* [Brief]: Copy all the data exactly, except the pictures.

(Beginning of Dataset section)

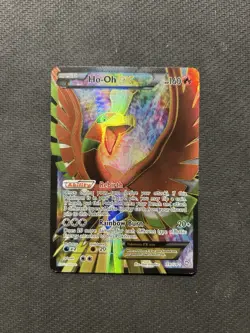 Pokemon TCG Ho-Oh EX 119/124! Damaged Condition! See Description! - Image 1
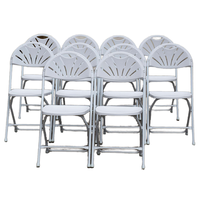 Chaise lune portable pliable en plastique à dossier haut pour jardin, camping, plage, événements en plein air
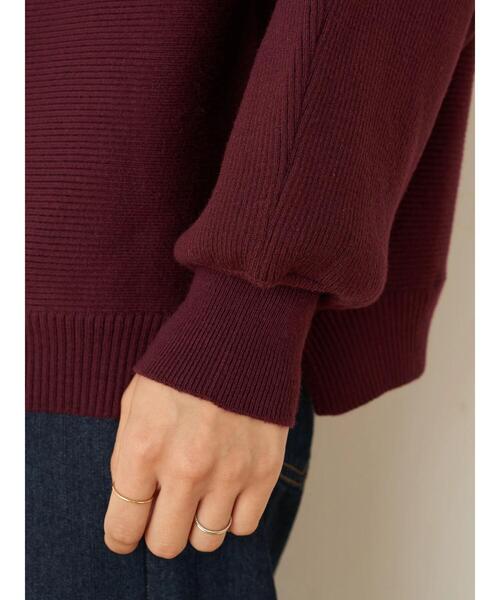 earth music&ecology（アースミュージックアンドエコロジー）の「ドルマンニットプルオーバー　＊（ニット/セーター・レディース・ブラック/ブルー/アイボリー/ボルドー・FREE）」の10枚目の写真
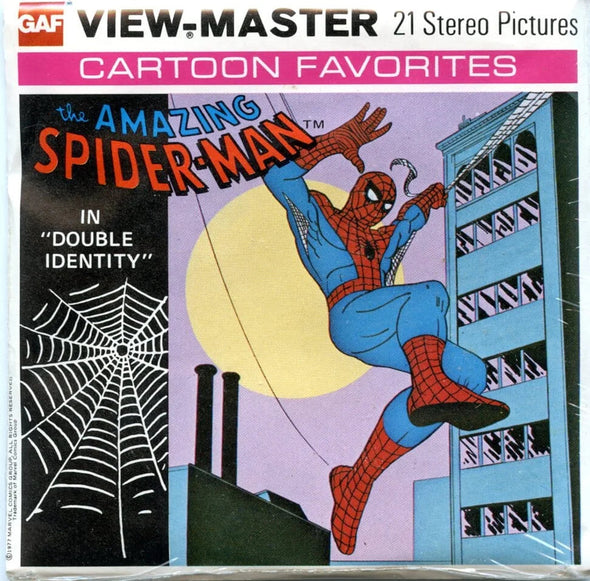 The Amazing Spider-Man - View-Master 3 Reel Packet - 1970s - Vintage - (PKT-H11-G4mint)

(End of Dataset section)

* [Task answer]:
 Pokemon TCG Ho-Oh EX 119/124! Damaged Condition! See Description! - Image 1
 Chaise lune portable pliable en plastique à dossier haut pour jardin, camping, plage, événements en plein air
 earth music&ecology（アースミュージックアンドエコロジー）の「ドルマンニットプルオーバー　＊（ニット/セーター・レディース・ブラック/ブルー/アイボリー/ボルドー・FREE）」の10枚目の写真
 The Amazing Spider-Man - View-Master 3 Reel Packet - 1970s - Vintage - (PKT-H11-G4mint)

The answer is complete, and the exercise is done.